Why do we meditate? If you asked 100 people, you might get 100 answers for this question.

When you think about those answers, they boil down to two simple ideas. We meditate to cultivate tranquility and happiness in daily life, which are essential to our health.

We all face challenges in daily life, big or small. Do we need to engage with these challenges? If so, how do we do it?

Our choices affect our emotions and well-being, for better or for worse. They can lead to growth and emotional maturity, or they can lead to recurrent stress, anxiety, anger, and loss of sleep.

Ultimately, these choices can affect our health. So how do we make them wisely?

The Serenity Prayer offers one answer to this question:

God, grant me the serenity
To accept the things I cannot change;
Courage to change the things I can;
And wisdom to know the difference.

But what do we mean by things that can and can't be changed and how can we know the difference?

Abiding Truths From Chinese Philiosophy

One of the greatest contributions of ancient Chinese philosophers like Laozi (Lao Tsu), Kongzi (Confucius), Zhuangzi (Chuang Tzu), and Mengzi (Mencius) is that they went to the heart of things, distilling essential principles and realities for successful living. By observing nature, human beings, and change and evolution in the world, they specified simple, abiding truths.

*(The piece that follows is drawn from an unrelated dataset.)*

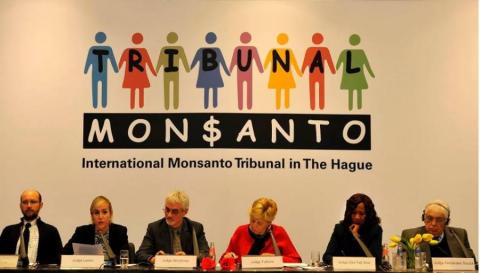La multinacional Monsanto fue culpada por ecocidio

Chinese philosophers call these abiding truths Chang (常). The term refers to and encompasses both A: the laws of nature and how these laws affect human life; and B, the nature of things, including human nature.

Like the serenity prayer, Chinese philosophy counsels to accept abiding truths, to change what you can, and not to try to change what you cannot change. Doing the latter creates pain and invites danger and even disaster.

For example, Laozi stated this truth, "The wise person does not enter the fight; for the same reason, the whole world cannot contend with him." Creating unnecessary conflict costs us valuable energy and can harm health.

Early one recent morning, I witnessed a loud and angry argument on my block between a police officer and a woman he had given a parking ticket. The officer said that because the woman’s car was parked in front of the fire hydrant he had to give her a ticket. It was his job.

The woman said that she was late for work but could not find a place to park when she needed to drop off her baby to a babysitter before heading to her office. The two argued vehemently, but neither changed the other’s mind. Both left angry.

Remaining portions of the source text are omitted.